Flexible activated carbon fibers have attracted extensive research in the field of electroabsorption because of their excellent electrical and thermal conductivity, high-temperature resistance, low thermal expansion, and stable chemical properties.¹⁴ It has been shown that material modification operations for activated carbon fibers can effectively enhance core parameters such as system electroabsorption efficiency, specific surface area, porosity, pore size distribution, and selectivity. The l-cysteine-modified activated carbon fiber could reach a maximum adsorption capacity of 179.53 mg/g for lead ions as deduced by the Langmuir model.¹⁵ Electrochemical analysis of camphor carbon fume by cyclic voltammetry with constant current charge-discharge showed that the doping of nitrogen significantly increased its specific capacitance and caused it to exhibit multilayer adsorption on non-homogeneous surfaces following Freundlich.¹⁶ As another efficient adsorption material, multiwall carbon nanotubes can improve the stability of emulsion liquid membrane (ELM) by approximately 20% when effectively applied, reduce the swelling ratio of emulsion by 42%, and increase the mass transfer coefficient by 4.746% when cooperating with surfactants.^17,18 On the other hand, this saturated adsorption device enriched with many charges is often regarded as an energy storage device. Some researchers have attempted to expand it into the field of nanogenerators and non-destructively monitor its parameters such as voltage, current, temperature, etc., which broadens the relevance for its extended applications.^19,20,21 A large number of studies have focused extensively on the electrosorption properties of carbon-based adsorbent materials and their behavior under typical modifications but have not focused on the interaction of flowing water with carbon materials.

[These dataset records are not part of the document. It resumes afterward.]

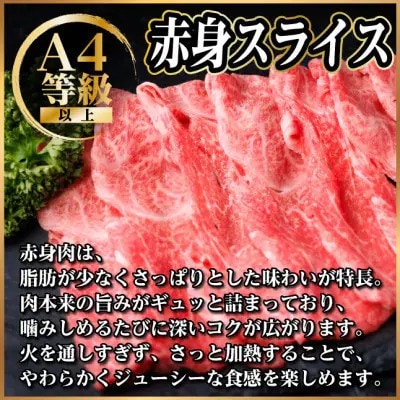 飛騨牛　厳選赤身スライス　500g A4〜A5等級　黒毛和牛 小分け【配送不可地域：離島】【1487343】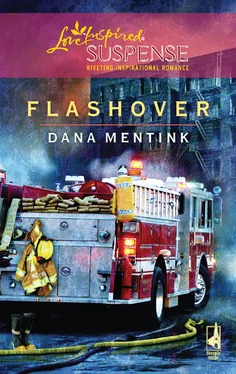 Dana Mentink Flashover обложка книги
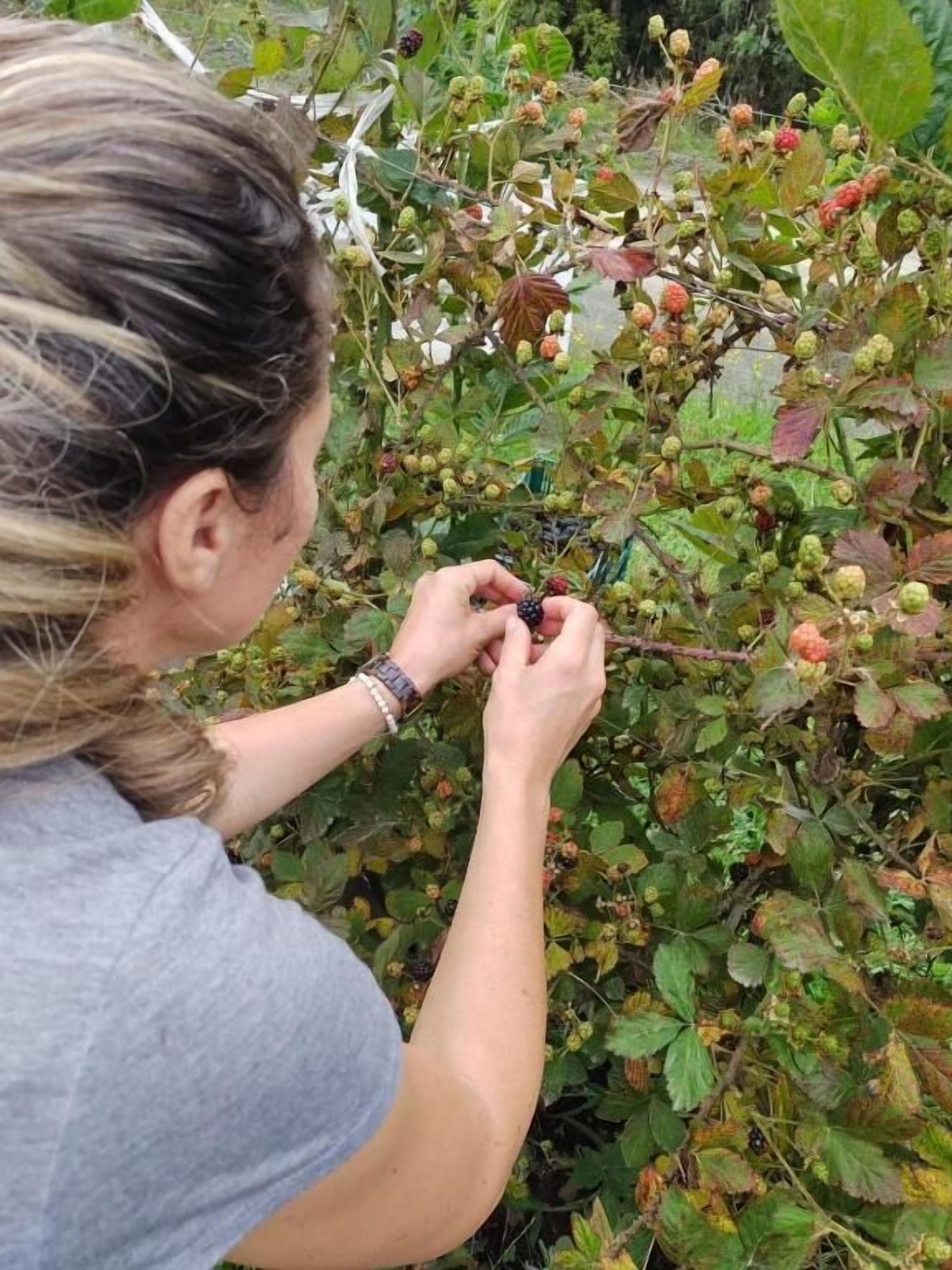 A person examining a plant with green leaves and red berries.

Motivated by the aforementioned promising research, this paper constructs a flow-through (the direction of water flow completely penetrates the adsorbent material) electrosorption reactor different from the common flow-by (the direction of water flow is exactly parallel to the adsorption material) reactor. The flow-through electrosorption reactor was tested to have a better response to Zn²⁺ electrosorption efficiency by reasonable process control when filled with activated carbon fiber electrodes. Therefore, this paper hopes to provide intentional technical support for the innovative progress of electroabsorption technology.

Results

The reactor used in the experiment is shown in Figure 1. The Zn²⁺ adsorption behavior of the flow-through reactor-activated carbon fiber mat system was investigated experimentally at different pole plate spacing, voltage, pH, temperature, and feedwater concentration.

Figure 1.

Zn²⁺ adsorption test equipment

Effect of polar plate spacing on the behavior of electrosorption of Zn²⁺

Figure 2 depicts the effect of pole plate spacing variation on Zn²⁺ (400 mg/L) in the electrosorption wastewater. As Table 1 shows, in the direction of the timescale, the change in the electrosorption Zn²⁺ process was less significant after 60 min (p = 0.033 > 0.01) and lost significance after 70 min (p = 0.053 > 0.05) (p is used to describe the significance of the indicator for evaluating the correlation of data between groups, the same in the following text.). Taking the 60 min at which the time of the adsorption process begins to decrease toward the difference as the assumed endpoint of adsorption, most of the adsorption process is completed within 20 min of the beginning of adsorption, and this trend increases as the pole-plate spacing approaches 3 mm.^8,17,22 The adsorption behavior starts with more adsorption sites on the surface of the activated carbon fiber mat, and the adsorption moves faster toward the equilibrium, as the adsorption process goes on, the number of sites on the surface of the activated carbon fiber mat gradually decreases and finally approaches the equilibrium, and the adsorption capacity no longer changes significantly. The comparison between the different electrode spacing groups demonstrated that the 3 mm electrode spacing had a significant advantage in relative adsorption of 23.14 mg/g and differed significantly from the other spacing configurations. The relative adsorption amounts between groups at the same time during the process of electrosorption showed a positively skewed distribution, reaching a large value of significance near the equilibrium point of adsorption (p = 0.997). This result reveals that the electrode plate spacing, i.e., the thickness of the porous insulating mat, should be guaranteed to be 3 mm, for the flow-through electrosorption of Zn²⁺.

Figure 2.

Influence of polar plate spacing on the effect of electro-absorption

Table 1.

Results of experimental data analysis of Zn electrosorption at different plate spacings

parameters	1 mm	2 mm	3 mm	4 mm	5 mm
The ratio of 20 min adsorption amounts to the maximum value	41.98%	58.38%	64.94%	34.26%	47.65%
Significance of differences in data between groups, comparison with 3 mm experimental group	0.002b	0.013a	–	0.021a	0.018a

^ameans that the difference between the comparative data is significant.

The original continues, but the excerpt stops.